Must I add explicit threading to my Web API REST methods?

B. Clay Shannon picture B. Clay Shannon · Nov 27, 2013 · Viewed 11.2k times · Source

I have created some Web API REST methods that will be called by handheld/Windows CE clients. So the server may be hit by multiple (well, will be is more like it, the question being how many) requests simultaneously.

Do the REST methods automatically take care of this, or do I have to explicitly add threading code so that one client's request does not interfere with anothers?

Answer

dcastro picture dcastro · Nov 27, 2013

No need - the asp.net framework already pools a number of threads for handling a number of requests concurrently.

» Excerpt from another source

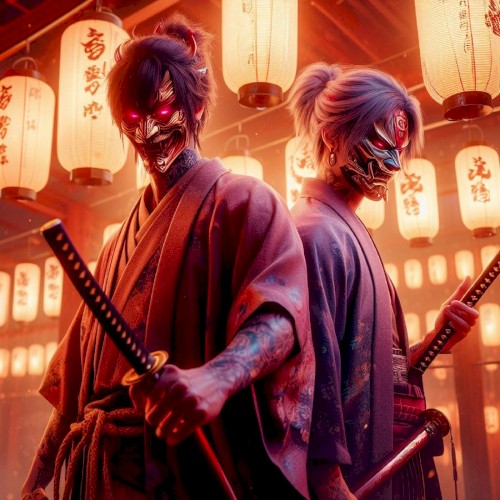 Soul Stealers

Incoming requests are enqueued, and pooled threads take their turn at dequeuing requests and handling them.

You can find more about how asp.net handles this here: http://www.codeproject.com/Articles/38501/Multi-Threading-in-ASP-NET

Edit

You should, however, defer CPU/IO-intensive workloads to other threads (preferably using TPL), so that the threads managed by asp.net remain responsive.

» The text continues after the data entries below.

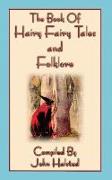 The Book of Hairy Fairy Tales and Folklore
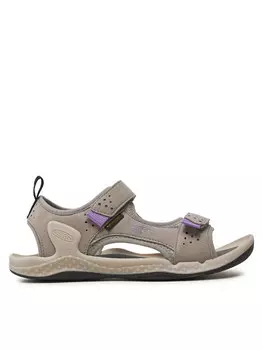 Сандалии Keen, серый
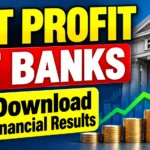 Net Profit of all Banks in Q2FY27: Check Profit of SBI, BOB, PNB and All Banks in September 2026 Quarter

Warning: if you do spawn new threads while handling a request, make sure they have all finished before returning from the "REST method". You may think "I'm gonna return to the user asap, and leave a thread in the background saving stuff to the database." This is dangerous, mainly because the Application Pool may be recycled, aborting your background threads. Read more here: http://haacked.com/archive/2011/10/16/the-dangers-of-implementing-recurring-background-tasks-in-asp-net.aspx

Do not return until all threads have finished.